Der Shitstorm gegen Kuttner war - genau wie der bei Palmer und Würzner - vorprogrammiert. Und das absolut berechtigt. Warum haben weiße Menschen im Jahr 2022 noch immer ein so starkes Bedürfnis, dieses nachweislich rassistische Wort zu verwenden? Die Unbedarftheit, mit der Weiße wie Kuttner, Palmer und Würzner das Wort aussprechen, ist gefährlich. Denn sie suggeriert: Wir tun hier etwas für die Freiheit. Indem wir uns nicht alles vorschreiben lassen. Von wegen Freiheit: Sie schüren Ressentiments, stärken rechte Populisten und reißen Narben auf bei denjenigen, die von Rassismus betroffen sind.

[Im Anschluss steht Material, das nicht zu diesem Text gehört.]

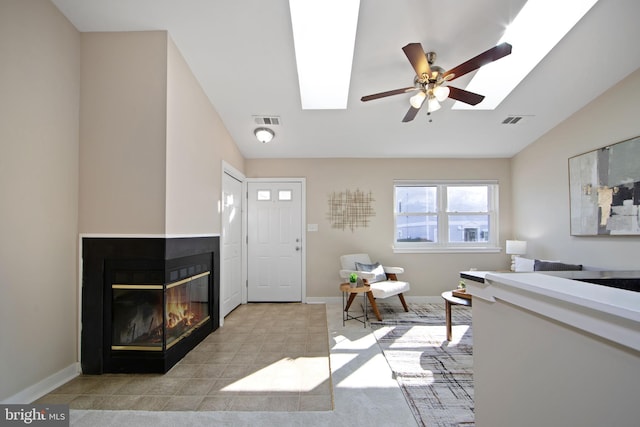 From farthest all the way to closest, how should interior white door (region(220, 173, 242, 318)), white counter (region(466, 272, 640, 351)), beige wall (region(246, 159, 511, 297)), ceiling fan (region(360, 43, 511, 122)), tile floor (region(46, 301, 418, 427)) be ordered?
beige wall (region(246, 159, 511, 297)) → interior white door (region(220, 173, 242, 318)) → ceiling fan (region(360, 43, 511, 122)) → tile floor (region(46, 301, 418, 427)) → white counter (region(466, 272, 640, 351))

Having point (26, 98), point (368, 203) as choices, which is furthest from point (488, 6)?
point (26, 98)

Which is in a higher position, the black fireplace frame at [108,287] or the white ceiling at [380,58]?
the white ceiling at [380,58]

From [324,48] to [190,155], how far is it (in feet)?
5.38

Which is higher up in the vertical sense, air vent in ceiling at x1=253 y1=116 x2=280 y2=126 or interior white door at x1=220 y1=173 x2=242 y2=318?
air vent in ceiling at x1=253 y1=116 x2=280 y2=126

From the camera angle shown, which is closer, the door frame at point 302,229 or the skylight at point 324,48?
the skylight at point 324,48

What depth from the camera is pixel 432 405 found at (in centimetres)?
198

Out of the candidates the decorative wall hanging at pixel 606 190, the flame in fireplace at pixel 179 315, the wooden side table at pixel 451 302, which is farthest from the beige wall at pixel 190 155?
the decorative wall hanging at pixel 606 190

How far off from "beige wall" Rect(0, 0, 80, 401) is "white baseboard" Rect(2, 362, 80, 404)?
34mm

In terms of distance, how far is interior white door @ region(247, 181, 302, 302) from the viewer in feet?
15.4

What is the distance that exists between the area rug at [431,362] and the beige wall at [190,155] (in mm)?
2218

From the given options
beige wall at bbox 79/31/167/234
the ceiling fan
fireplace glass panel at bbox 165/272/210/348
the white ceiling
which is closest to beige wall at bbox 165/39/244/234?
beige wall at bbox 79/31/167/234

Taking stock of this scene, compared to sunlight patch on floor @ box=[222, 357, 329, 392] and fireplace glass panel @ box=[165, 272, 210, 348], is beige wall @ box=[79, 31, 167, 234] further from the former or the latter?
sunlight patch on floor @ box=[222, 357, 329, 392]

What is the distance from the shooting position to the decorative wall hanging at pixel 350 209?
4.68 m

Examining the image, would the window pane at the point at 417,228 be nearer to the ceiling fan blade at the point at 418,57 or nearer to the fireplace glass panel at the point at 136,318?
the ceiling fan blade at the point at 418,57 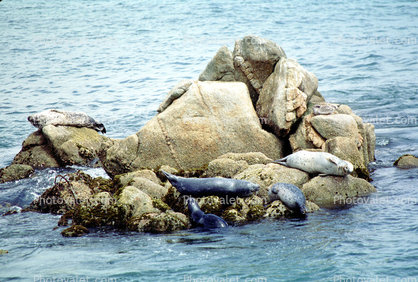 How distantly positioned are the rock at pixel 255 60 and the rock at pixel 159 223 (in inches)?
202

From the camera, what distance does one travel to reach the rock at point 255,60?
11.3 metres

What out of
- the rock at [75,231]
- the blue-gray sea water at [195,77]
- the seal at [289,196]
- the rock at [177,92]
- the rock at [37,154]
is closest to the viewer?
the blue-gray sea water at [195,77]

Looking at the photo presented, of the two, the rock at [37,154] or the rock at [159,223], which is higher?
the rock at [159,223]

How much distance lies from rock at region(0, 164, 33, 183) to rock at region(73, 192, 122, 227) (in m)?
3.80

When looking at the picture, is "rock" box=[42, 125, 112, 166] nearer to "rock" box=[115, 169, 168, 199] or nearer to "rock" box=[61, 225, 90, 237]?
"rock" box=[115, 169, 168, 199]

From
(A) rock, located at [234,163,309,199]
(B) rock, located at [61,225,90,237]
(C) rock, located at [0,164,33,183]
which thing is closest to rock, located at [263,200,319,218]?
(A) rock, located at [234,163,309,199]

Die drei genannten Prominenten haben sich inzwischen entschuldigt. Boris Palmer etwa räumte Fehler ein und beteuerte, er „hätte das Handy lieber weglegen sollen“. Auch der Heidelberger OB schrieb in den sozialen Netzwerken, dass ihm der Fauxpas leid tue. Sarah Kuttner unternahm immerhin den Versuch einer Entschuldigung auf Instagram - der allerdings etwas wirr und nicht wirklich geläutert schien. „Ich wollte sehr wohl darüber reden dürfen: Geht das? Kann man ein Wort verbieten dürfen? Wie könnte man es besser machen? Ich will, dass niemand das N-Wort hören muss und da kommt der Punkt, den ich falsch gemacht habe. Ich habe, um den Punkt klarzumachen, das Wort benutzt, weil ich dachte: Guck es ist nur ein Wort, jeder weiß sowieso, was hinter dem N-Wort steht, es macht gar nichts besser. Ich habe Angst, es macht Sachen schlechter.“

Freiheits-Kämpfer der Sprache: Selbstreflexion scheint nicht jedem gegeben

Während Palmer und Würzner Reue zeigen, versucht Kuttner, ihre Aussage zu rechtfertigen. Ich finde, sie hätte auch einfach sagen können, dass es ein Fehler war. Punkt, fertig aus. Doch die Fähigkeit zur Selbstreflexion scheint nicht jedem gegeben. Auch Twitter-Trolle zeigen regelmäßig, dass sie nichts dazu gelernt haben. Wer ernsthaft Spaß daran hat, Bilder von Schokoküssen - „wie man sie früher nannte“ - zu posten und nostalgisch in der Vergangenheit zu schwelgen, sollte sich bewusst machen, dass sein Verhalten andere Menschen verletzt.

Wie würden solche Leute reagieren, wenn man zum Beispiel Bilder von Deutschen posten und sie allesamt als „Nazis“ betiteln würde - „wie man sie früher nannte“. Mein Rat an die selbsternannten „Freiheits-Kämpfer“ der Sprache: Steckt eure Energie doch mal lieber in Themen, die die Gesellschaft weiterbringen und hört auf mit euren „Sticheleien“ und Provokationen - denn letztendlich werden die Gräben zwischen euch und der von euch so verhassten „woken“ Szene so nur noch größer.